San Diego mortgage broker Shanne Sleder said a third of his clients, many of whom were already stretching budgets to buy homes in pricey Southern California, are having to reconsider what they can afford as rates soar.
"With a number of the people we were in the middle of pre-approving, as rates are going up, it's getting tighter and tighter qualifying them," Sleder said. He's urging them to lock in rates. "In some cases, the higher rates are making it so they are not as comfortable with the payment."
With investors anticipating faster expansion and inflation from Trump's policies, the yield on the U.S. 10-year note — a bellwether of changes in mortgage rates — has jumped more than 35 basis points since the Nov. 8 presidential election, the biggest three-day increase since 2009.
A sustained surge in borrowing costs could further hinder first-time purchases at a time when rising values are already hurting affordability and pricing out buyers in many markets. What's more, the back-up in rates would leave the economy wanting of a boost from residential construction that's failed to contribute to growth for two consecutive quarters.
"It's not helpful at all for the housing market, and it also bears watching in terms of how bad it gets," said Scott Brown, chief economist at Raymond James Financial Inc. in St. Petersburg, Fla. The housing rebound "could be even more moderate than it has been."
Smaller, Cheaper
Larry Seay, who retired in March as chief financial officer of builder Meritage Homes Corp., said rising rates will also limit the ability of developers to raise prices, pinching margins. Buyers will look for smaller, cheaper homes and builders will probably look for opportunities to accommodate them, he said.
"It's going to be incumbent on builders to manage cost better because they won't be able to pass on the cost increases with higher home prices," Seay said.
While mortgage rates remain near historical lows, action in funding markets is reminiscent of the so-called taper tantrum in 2013. That's when yields surged after then-Federal Reserve Chairman Ben Bernanke said that the central bank would soon start slowing the pace of bond purchases.

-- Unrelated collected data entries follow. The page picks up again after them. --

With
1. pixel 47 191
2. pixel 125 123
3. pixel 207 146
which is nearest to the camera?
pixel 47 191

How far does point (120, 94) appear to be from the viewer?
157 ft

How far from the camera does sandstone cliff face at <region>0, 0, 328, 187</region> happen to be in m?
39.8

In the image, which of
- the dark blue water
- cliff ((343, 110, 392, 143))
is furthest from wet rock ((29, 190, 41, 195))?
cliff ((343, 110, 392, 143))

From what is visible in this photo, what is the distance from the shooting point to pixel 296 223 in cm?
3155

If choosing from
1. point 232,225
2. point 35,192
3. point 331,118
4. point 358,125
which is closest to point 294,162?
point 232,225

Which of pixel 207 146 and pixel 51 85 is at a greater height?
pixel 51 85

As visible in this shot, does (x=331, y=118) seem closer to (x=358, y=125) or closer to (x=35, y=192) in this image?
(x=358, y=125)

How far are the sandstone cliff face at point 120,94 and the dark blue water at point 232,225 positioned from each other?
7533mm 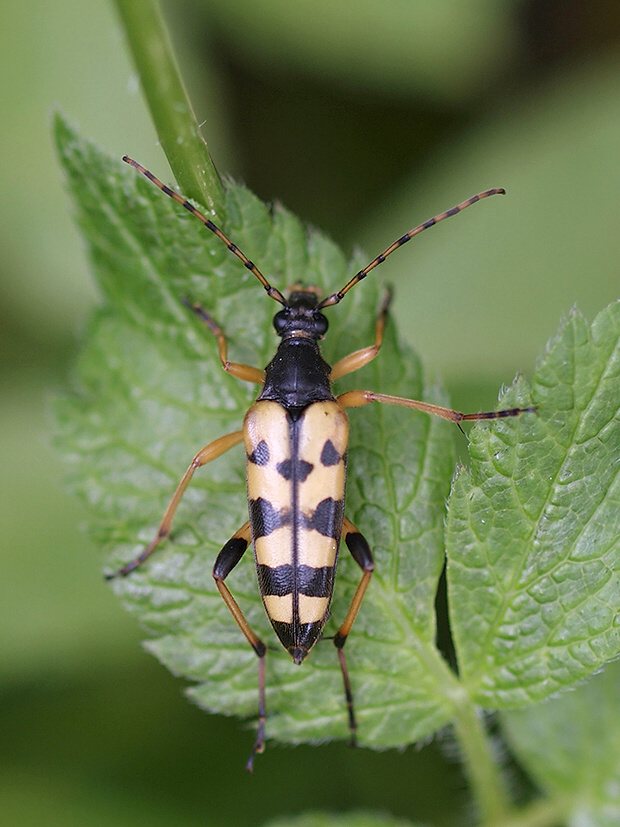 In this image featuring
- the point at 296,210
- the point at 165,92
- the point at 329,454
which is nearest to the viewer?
the point at 165,92

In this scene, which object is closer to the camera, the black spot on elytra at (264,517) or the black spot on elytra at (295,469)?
the black spot on elytra at (264,517)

In August 2013, after mortgage rates climbed above 4.5%, sales of previously owned homes proceeded to fall nearly 8% by year-end. Existing-home purchases are tallied a month or two after a contract has been signed.

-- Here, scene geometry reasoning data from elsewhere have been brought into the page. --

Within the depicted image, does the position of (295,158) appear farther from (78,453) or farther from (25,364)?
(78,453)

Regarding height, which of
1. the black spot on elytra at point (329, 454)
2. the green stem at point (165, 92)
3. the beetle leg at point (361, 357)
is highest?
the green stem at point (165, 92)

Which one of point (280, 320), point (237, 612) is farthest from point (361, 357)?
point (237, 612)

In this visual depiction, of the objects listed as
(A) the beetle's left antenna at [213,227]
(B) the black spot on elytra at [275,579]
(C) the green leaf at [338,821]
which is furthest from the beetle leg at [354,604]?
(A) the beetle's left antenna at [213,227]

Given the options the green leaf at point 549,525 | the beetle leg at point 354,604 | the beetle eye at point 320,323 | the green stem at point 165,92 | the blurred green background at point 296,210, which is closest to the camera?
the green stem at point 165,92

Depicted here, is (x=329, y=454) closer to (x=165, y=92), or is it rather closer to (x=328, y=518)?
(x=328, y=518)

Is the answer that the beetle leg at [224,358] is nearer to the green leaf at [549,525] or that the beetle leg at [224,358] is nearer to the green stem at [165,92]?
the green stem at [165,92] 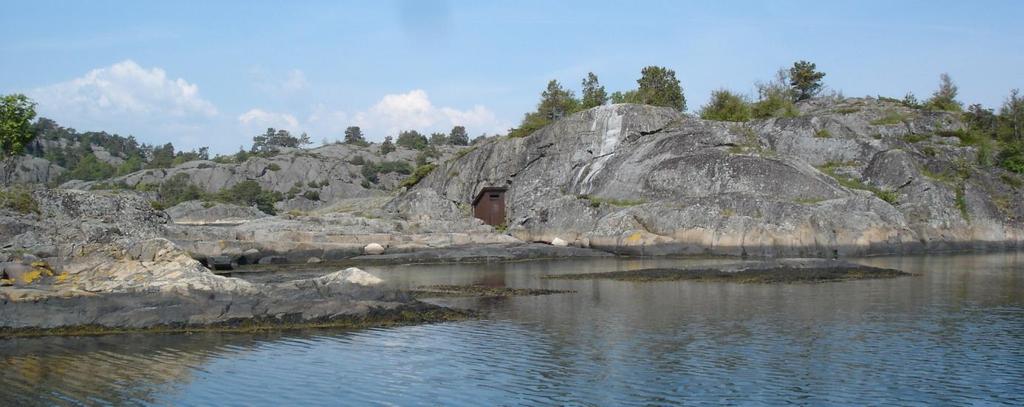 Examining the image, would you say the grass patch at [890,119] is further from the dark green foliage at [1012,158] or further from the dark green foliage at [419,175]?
the dark green foliage at [419,175]

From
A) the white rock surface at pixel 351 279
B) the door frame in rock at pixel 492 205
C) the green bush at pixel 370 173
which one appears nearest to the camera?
the white rock surface at pixel 351 279

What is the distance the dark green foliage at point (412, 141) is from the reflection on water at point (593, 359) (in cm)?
14542

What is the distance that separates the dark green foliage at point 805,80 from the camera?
10088 centimetres

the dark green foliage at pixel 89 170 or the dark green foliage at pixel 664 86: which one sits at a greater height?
the dark green foliage at pixel 664 86

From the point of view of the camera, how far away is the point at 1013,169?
72875mm

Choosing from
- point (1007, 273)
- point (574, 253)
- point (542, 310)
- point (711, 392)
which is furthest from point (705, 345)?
point (574, 253)

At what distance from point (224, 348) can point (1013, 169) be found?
2786 inches

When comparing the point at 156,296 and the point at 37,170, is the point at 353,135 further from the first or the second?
the point at 156,296

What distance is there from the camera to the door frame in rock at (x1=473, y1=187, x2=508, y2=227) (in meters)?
77.4

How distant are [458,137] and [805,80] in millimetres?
98043

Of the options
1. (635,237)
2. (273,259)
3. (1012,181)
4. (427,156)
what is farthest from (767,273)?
(427,156)

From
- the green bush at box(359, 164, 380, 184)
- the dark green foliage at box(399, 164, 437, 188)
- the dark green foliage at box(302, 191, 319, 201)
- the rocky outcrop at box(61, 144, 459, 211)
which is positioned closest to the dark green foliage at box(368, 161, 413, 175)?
the rocky outcrop at box(61, 144, 459, 211)

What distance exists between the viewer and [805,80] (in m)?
101

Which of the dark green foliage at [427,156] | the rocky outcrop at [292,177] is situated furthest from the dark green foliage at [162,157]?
the dark green foliage at [427,156] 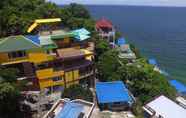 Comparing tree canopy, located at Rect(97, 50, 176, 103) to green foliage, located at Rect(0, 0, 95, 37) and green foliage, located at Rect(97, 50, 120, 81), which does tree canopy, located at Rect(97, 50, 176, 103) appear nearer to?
green foliage, located at Rect(97, 50, 120, 81)

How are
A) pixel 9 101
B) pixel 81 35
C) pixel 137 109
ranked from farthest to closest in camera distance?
pixel 81 35 → pixel 137 109 → pixel 9 101

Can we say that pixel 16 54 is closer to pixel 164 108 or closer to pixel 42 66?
pixel 42 66

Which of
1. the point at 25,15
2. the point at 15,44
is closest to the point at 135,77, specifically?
the point at 15,44

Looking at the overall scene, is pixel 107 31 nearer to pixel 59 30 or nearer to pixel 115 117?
pixel 59 30

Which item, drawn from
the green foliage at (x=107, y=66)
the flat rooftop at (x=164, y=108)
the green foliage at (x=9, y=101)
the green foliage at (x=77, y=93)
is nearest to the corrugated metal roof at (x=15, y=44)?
the green foliage at (x=77, y=93)

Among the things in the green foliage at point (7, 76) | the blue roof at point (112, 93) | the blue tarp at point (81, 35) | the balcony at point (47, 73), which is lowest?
the blue roof at point (112, 93)

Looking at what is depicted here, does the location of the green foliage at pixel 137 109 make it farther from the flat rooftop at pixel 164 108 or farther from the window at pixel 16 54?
the window at pixel 16 54
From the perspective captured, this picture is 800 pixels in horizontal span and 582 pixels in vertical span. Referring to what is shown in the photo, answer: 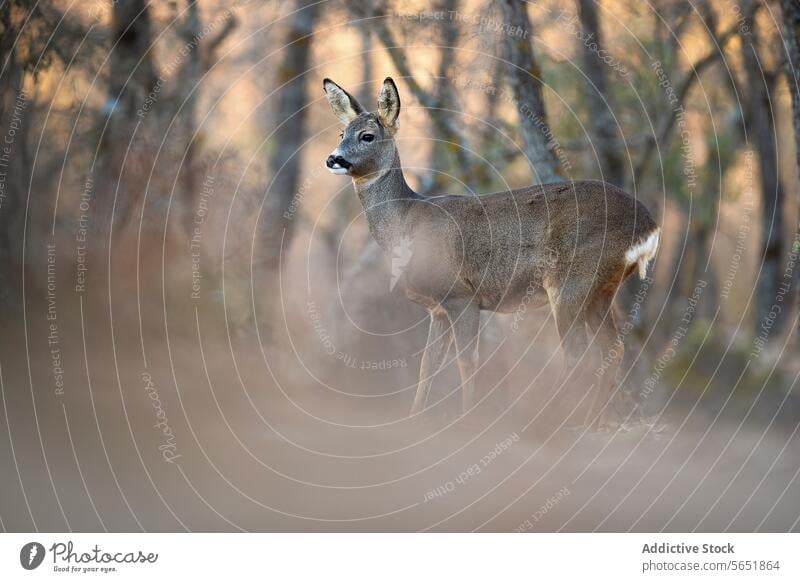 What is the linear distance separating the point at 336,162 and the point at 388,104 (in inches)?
35.9

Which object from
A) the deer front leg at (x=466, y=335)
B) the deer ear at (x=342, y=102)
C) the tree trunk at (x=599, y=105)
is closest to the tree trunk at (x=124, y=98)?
the deer ear at (x=342, y=102)

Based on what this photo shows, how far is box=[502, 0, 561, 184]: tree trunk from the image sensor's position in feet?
45.8

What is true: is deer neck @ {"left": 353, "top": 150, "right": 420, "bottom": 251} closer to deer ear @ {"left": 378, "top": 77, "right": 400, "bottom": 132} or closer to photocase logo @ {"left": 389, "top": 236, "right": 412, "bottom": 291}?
photocase logo @ {"left": 389, "top": 236, "right": 412, "bottom": 291}

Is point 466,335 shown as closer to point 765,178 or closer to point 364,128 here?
point 364,128

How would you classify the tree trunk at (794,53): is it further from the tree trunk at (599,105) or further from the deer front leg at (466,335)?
the tree trunk at (599,105)

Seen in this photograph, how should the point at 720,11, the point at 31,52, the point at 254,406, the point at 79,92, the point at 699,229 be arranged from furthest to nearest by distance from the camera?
the point at 699,229
the point at 720,11
the point at 79,92
the point at 31,52
the point at 254,406

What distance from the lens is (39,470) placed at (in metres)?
12.2

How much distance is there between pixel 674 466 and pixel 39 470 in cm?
699

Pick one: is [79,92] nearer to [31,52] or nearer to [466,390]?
[31,52]

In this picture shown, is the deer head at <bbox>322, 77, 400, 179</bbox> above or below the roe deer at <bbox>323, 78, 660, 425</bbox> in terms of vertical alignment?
above

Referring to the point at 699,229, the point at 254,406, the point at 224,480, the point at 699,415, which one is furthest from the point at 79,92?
the point at 699,229

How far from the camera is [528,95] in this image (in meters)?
14.2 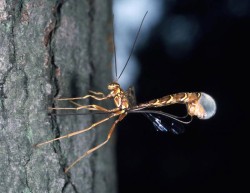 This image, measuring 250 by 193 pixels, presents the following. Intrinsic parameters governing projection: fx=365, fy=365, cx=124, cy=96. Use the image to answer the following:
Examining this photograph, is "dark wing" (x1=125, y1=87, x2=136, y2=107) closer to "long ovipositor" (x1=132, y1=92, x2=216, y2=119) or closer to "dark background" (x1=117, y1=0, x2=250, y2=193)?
"long ovipositor" (x1=132, y1=92, x2=216, y2=119)

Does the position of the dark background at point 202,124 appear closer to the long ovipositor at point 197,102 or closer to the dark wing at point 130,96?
the long ovipositor at point 197,102

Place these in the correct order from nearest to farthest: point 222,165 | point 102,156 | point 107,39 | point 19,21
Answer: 1. point 19,21
2. point 102,156
3. point 107,39
4. point 222,165

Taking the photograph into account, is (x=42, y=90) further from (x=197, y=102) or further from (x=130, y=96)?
(x=197, y=102)

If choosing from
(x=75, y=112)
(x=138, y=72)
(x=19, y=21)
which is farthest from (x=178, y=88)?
(x=19, y=21)

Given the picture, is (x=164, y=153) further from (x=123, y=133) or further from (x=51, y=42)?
(x=51, y=42)

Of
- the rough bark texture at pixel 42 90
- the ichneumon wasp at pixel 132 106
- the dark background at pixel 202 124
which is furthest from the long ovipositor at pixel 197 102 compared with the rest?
the dark background at pixel 202 124

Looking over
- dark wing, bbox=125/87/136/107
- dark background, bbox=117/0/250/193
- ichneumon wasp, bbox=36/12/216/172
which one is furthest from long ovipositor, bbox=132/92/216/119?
dark background, bbox=117/0/250/193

At the current rate, monthly borrowing costs for each $100,000 of a loan would be about $462, up marginally from $456 in mid-October when the 30-year mortgage was 3.62%.
First-Time Buyers
The nation's housing market has been grinding higher, helped by sturdy employment gains, nascent wage growth and attractive borrowing costs. A potential next leg up was first-time buyers. Higher mortgage rates that are sustained, however, would mean less buyer traffic of that segment of the market.
"First-time buyers look at the monthly total, at what they can afford, so if the mortgage is eaten up by a higher interest expense then there's less left over for price, for the principal," said Tom Simons, a senior economist at Jefferies LLC. "Buyers will be shopping in a lower price bracket, thus demand could shift a bit."
Home prices are currently rising about 5% on a year-over-year basis. That's kept an index of housing affordability hovering near the lowest level since the end of 2008, according to the National Association of Realtors.
Many buyers "are already stretching to begin with," said Sleder, the San Diego broker, who works at West Coast Mortgage. "If it continues in this direction, it's going to push more and more people out of the market."
"Eventually, if rates go up to where people are not putting offers in any more, sellers are going to lower their market price," he said.